High prices and low battery life are key concerns for companies trying to sell handheld PCs based on Microsoft's Ultra Mobile PC (UMPC) platform, staff at one of those manufacturers told vnunet.com today.
The UMPC, as specified by Microsoft, is a flat, handheld device midway in size between a smartphone or PDA and a notebook PC. It has a touch-sensitive screen, but no keyboard.
Criticism of early UMPCs has focused on high prices, poor battery life, and excessive weight and heat. The same criticisms have bedevilled past attempts at similar handheld PC concepts.
An AMtek representative, who did not wish to be named, conceded that manufacturers are concerned.
A major problem is that users are comparing UMPCs with what seems to them the most similar existing product, the notebook PC.
"The price is quite high if you compare it to a notebook," the representative admitted.
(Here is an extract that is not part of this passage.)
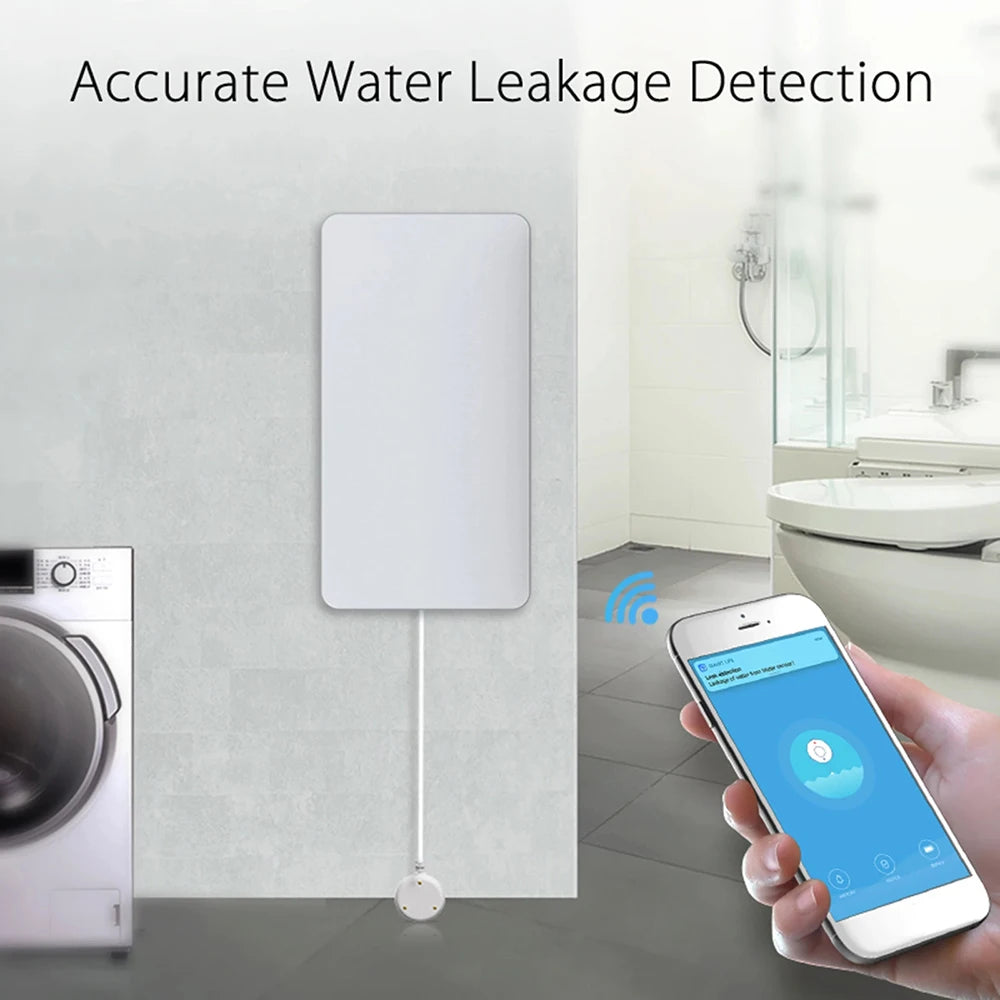 Zigbee Water Leak Sensor Detector Flood Alert Overflow Security Tuya Smart Alarm System Water Leakage Alarm Smart Life App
Battery life, at two to two-and-a-half hours, is also unsatisfactory, he added.
AMtek's T700 UMPC should sell for around $800 to $900. The 850g product has a 1GHz VIA C7M low-voltage CPU, 512MB of memory, and a 800 x 480 pixel 7in LCD display.
AMtek manufactures the T700 in China and sells it to overseas distributors which re-brand it as their own product.
A relative unknown like AMTek might appear out of its depth facing much larger competitors like Samsung and Asustek in the UMPC market.
However, staff said that AMtek's Singaporean parent firm is in fact one of the world's largest manufacturers of notebook PC chassis, with approximately 25 per cent of the market.
The company therefore has the background and manufacturing know-how to succeed despite the competition, according to the company.